▶ [Task] Please restate the entries below word for word, leaving out any pictures.

[Given data]

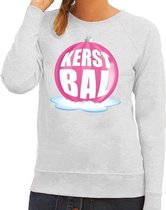 Foute kersttrui kerstbal roze op grijze sweater voor dames - kersttruien S (36)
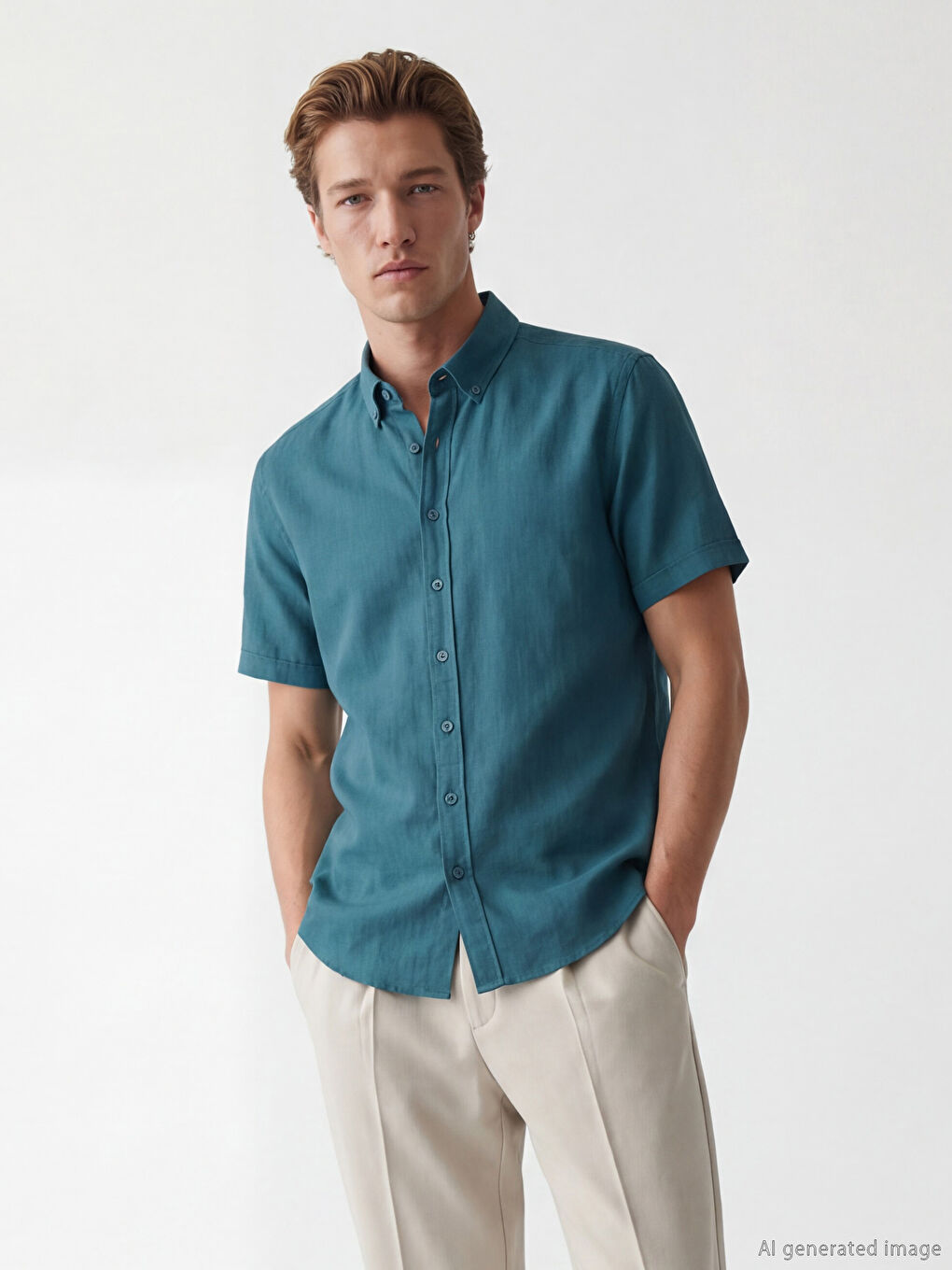 Regular Fit Dobby Herrenhemd-1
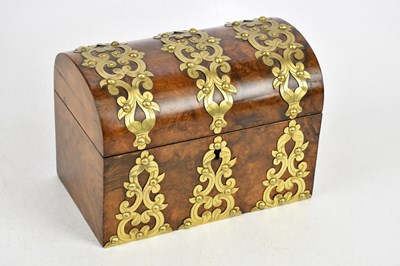 Lot 1273 - A 19th century walnut and brass bound tea...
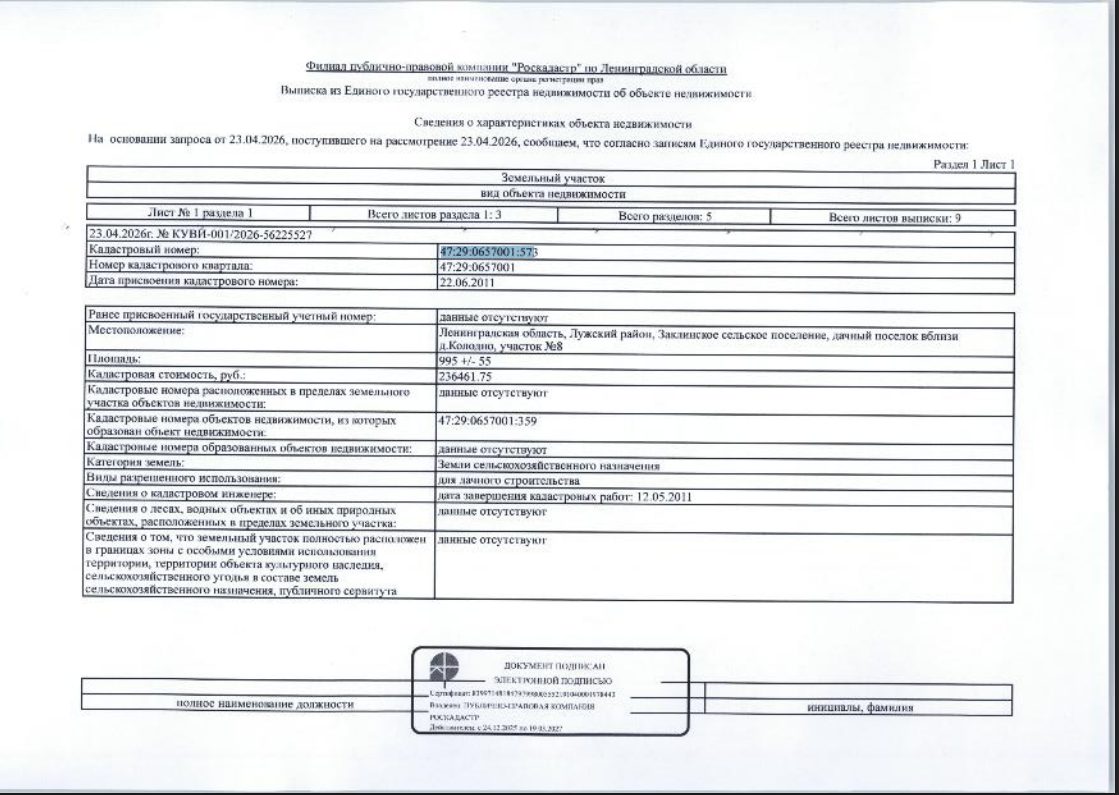 Земельный участок общей пл. 995 ,кадастровый номер№ 47:29:0657001:573(Земли сельскохозяйственного назначения для дачного строительства),расположенный по адресу: Ленинградская область, Лужский район,Заклинское сельское поселение, дачный поселок вблизи д.Колодно, участок №8
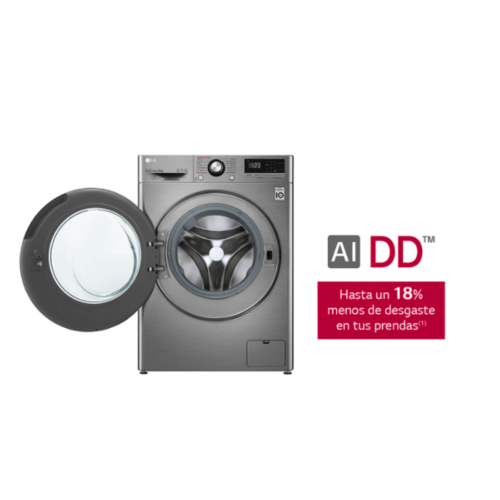 Lavadora de carga frontal LG F4WV3009S6S de 9 Kg y 1.400 rpm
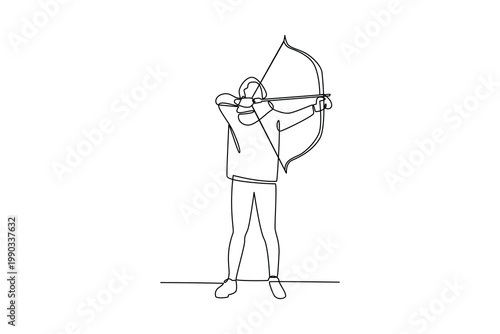 Simple continuous line draw of outdoor shooting sport. Sport activity minimalist concept, outdoor activity.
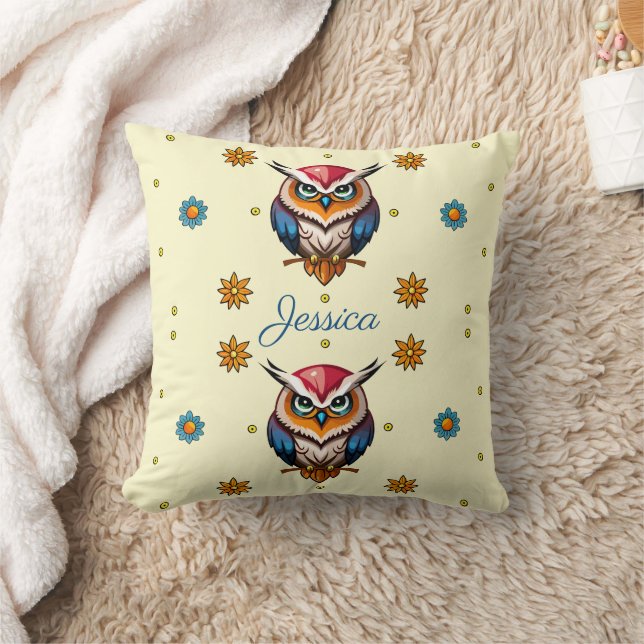 Cute owl with flowers kids throw pillow (Blanket)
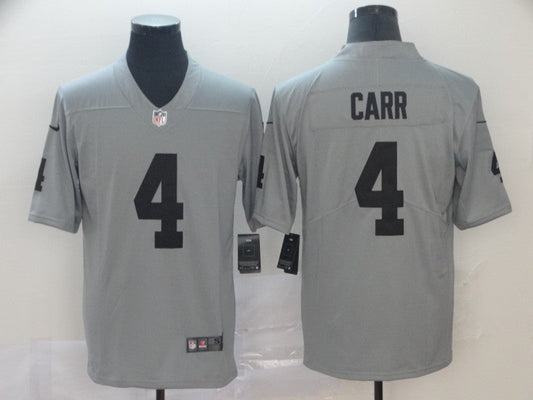 Men's Las Vegas Raiders Derek Carr #4 Gray Inverted Legend Jersey1
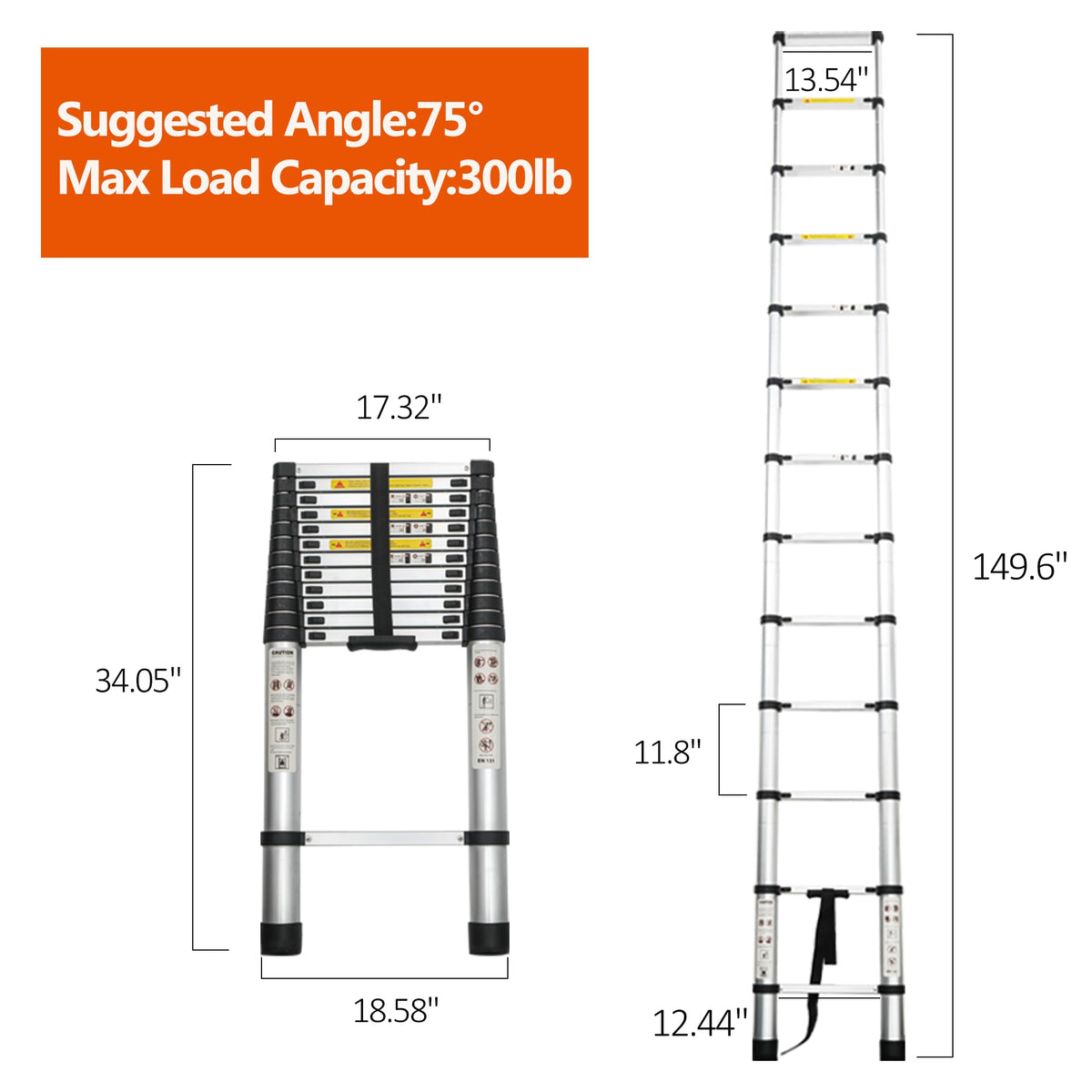 12.5FT Aluminum Telescoping Ladder 300 lbs B2606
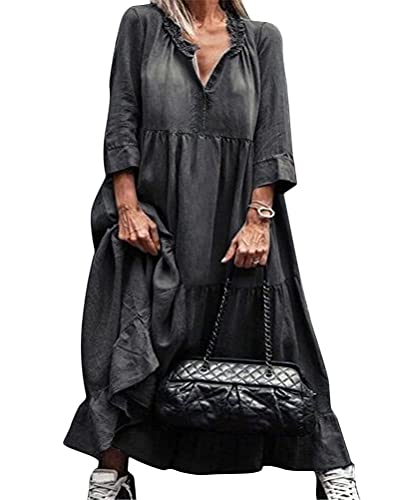 ORANDESIGNE Damen V-Ausschnitt Jeanskleider Denimkleid Sommer Kleid Lose Kurzarm Partykleid Tunika Hemd Blusenkleid Jeanskleid Maxi Kleid E Schwarz 48 von ORANDESIGNE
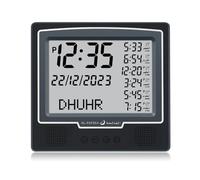 Al salama Azan Reloj despertador automático digital en todo el mundo, 8 tonos de oración azan, reloj de oración musulmán para decoración del hogar, regalo Ramadán (negro)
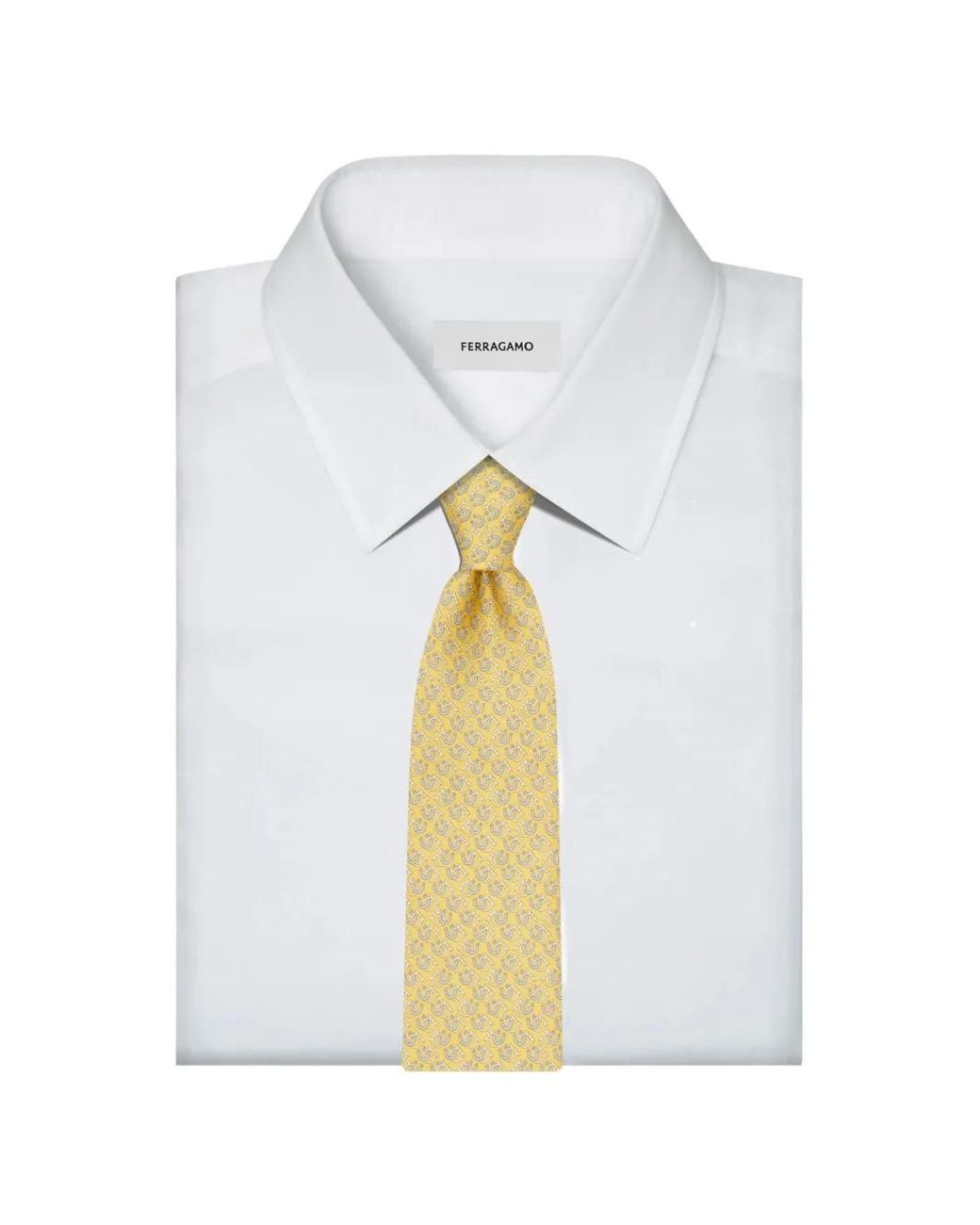 Ferragamo White Good Luck Print Silk Tie for men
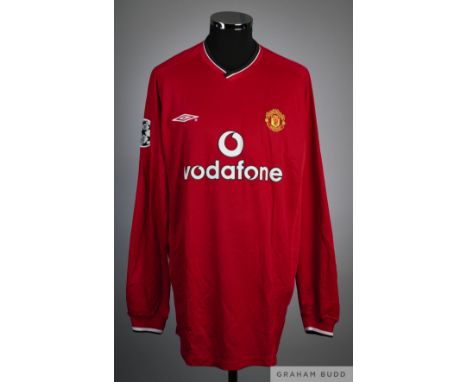 Paul Scholes red Manchester United No.18 home shirt, season 2000-01,  player issue, Umbro, size XL, long-sleeved with UEFA ST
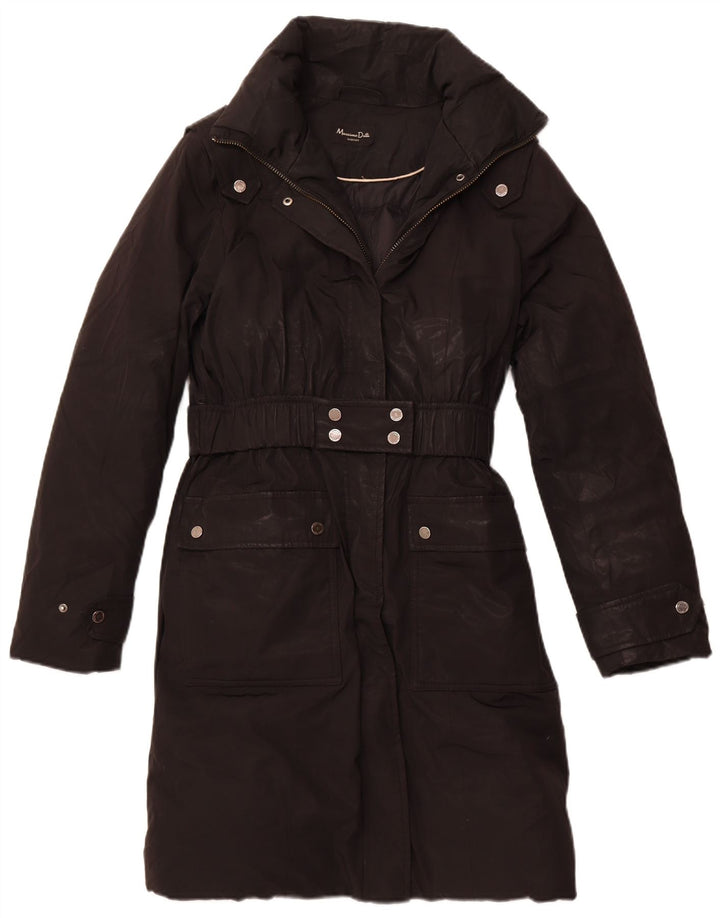 MASSIMO DUTTI Cappotto imbottito da donna UK 18 XL Nero poliestere invernale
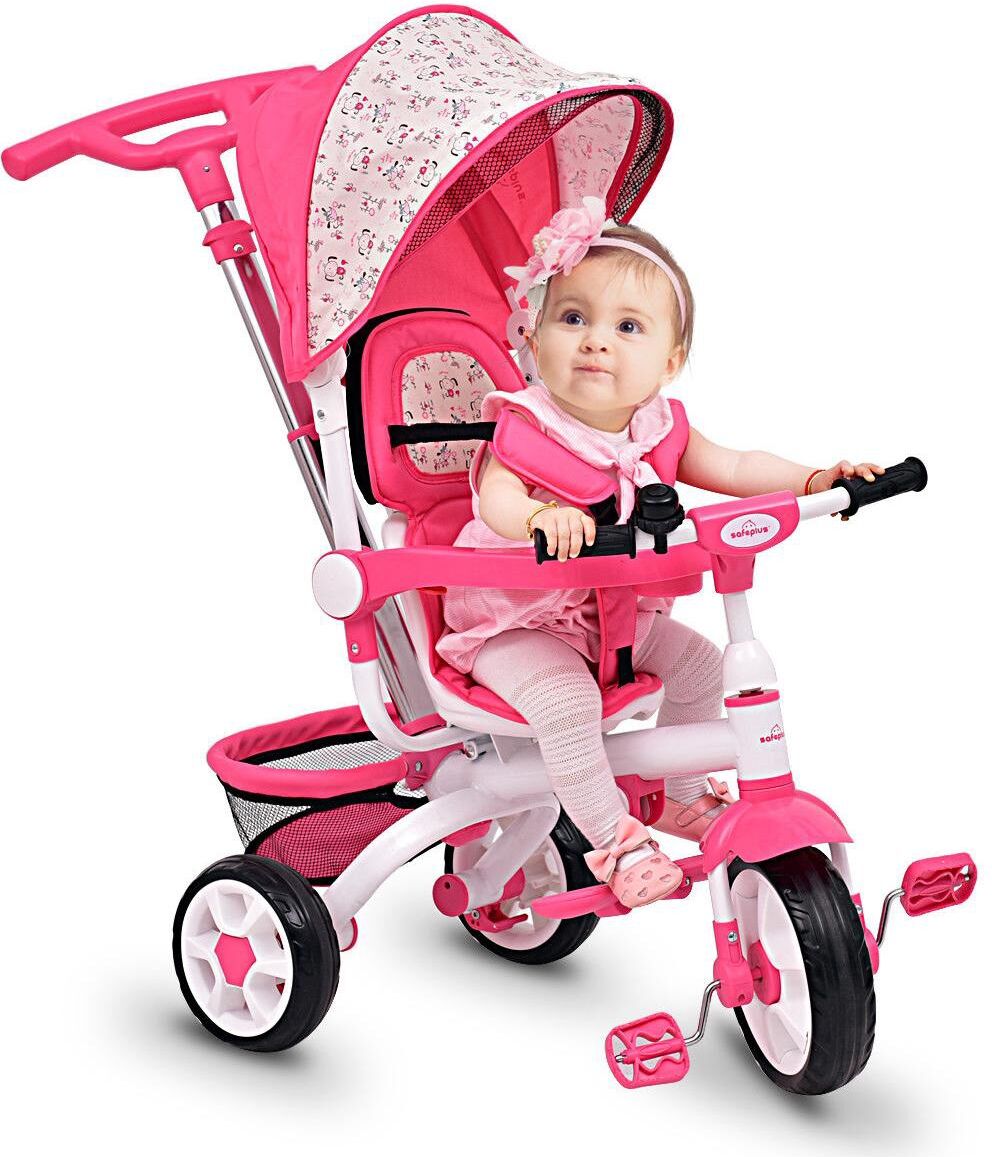 Costway Baby Stroller Tricycle Detachable Learning Toy Bike - Pink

[/Given data]

▶ [Solution to this problem]
 Foute kersttrui kerstbal roze op grijze sweater voor dames - kersttruien S (36)
 Regular Fit Dobby Herrenhemd-1
 Lot 1273 - A 19th century walnut and brass bound tea...
 Земельный участок общей пл. 995 ,кадастровый номер№ 47:29:0657001:573(Земли сельскохозяйственного назначения для дачного строительства),расположенный по адресу: Ленинградская область, Лужский район,Заклинское сельское поселение, дачный поселок вблизи д.Колодно, участок №8
 Lavadora de carga frontal LG F4WV3009S6S de 9 Kg y 1.400 rpm
 Simple continuous line draw of outdoor shooting sport. Sport activity minimalist concept, outdoor activity.
 Cute owl with flowers kids throw pillow (Blanket)
 Men's Las Vegas Raiders Derek Carr #4 Gray Inverted Legend Jersey1
 12.5FT Aluminum Telescoping Ladder 300 lbs B2606
 ORANDESIGNE Damen V-Ausschnitt Jeanskleider Denimkleid Sommer Kleid Lose Kurzarm Partykleid Tunika Hemd Blusenkleid Jeanskleid Maxi Kleid E Schwarz 48 von ORANDESIGNE
 Al salama Azan Reloj despertador automático digital en todo el mundo, 8 tonos de oración azan, reloj de oración musulmán para decoración del hogar, regalo Ramadán (negro)
 Ferragamo White Good Luck Print Silk Tie for men
 Paul Scholes red Manchester United No.18 home shirt, season 2000-01,  player issue, Umbro, size XL, long-sleeved with UEFA ST
 MASSIMO DUTTI Cappotto imbottito da donna UK 18 XL Nero poliestere invernale
 Costway Baby Stroller Tricycle Detachable Learning Toy Bike - Pink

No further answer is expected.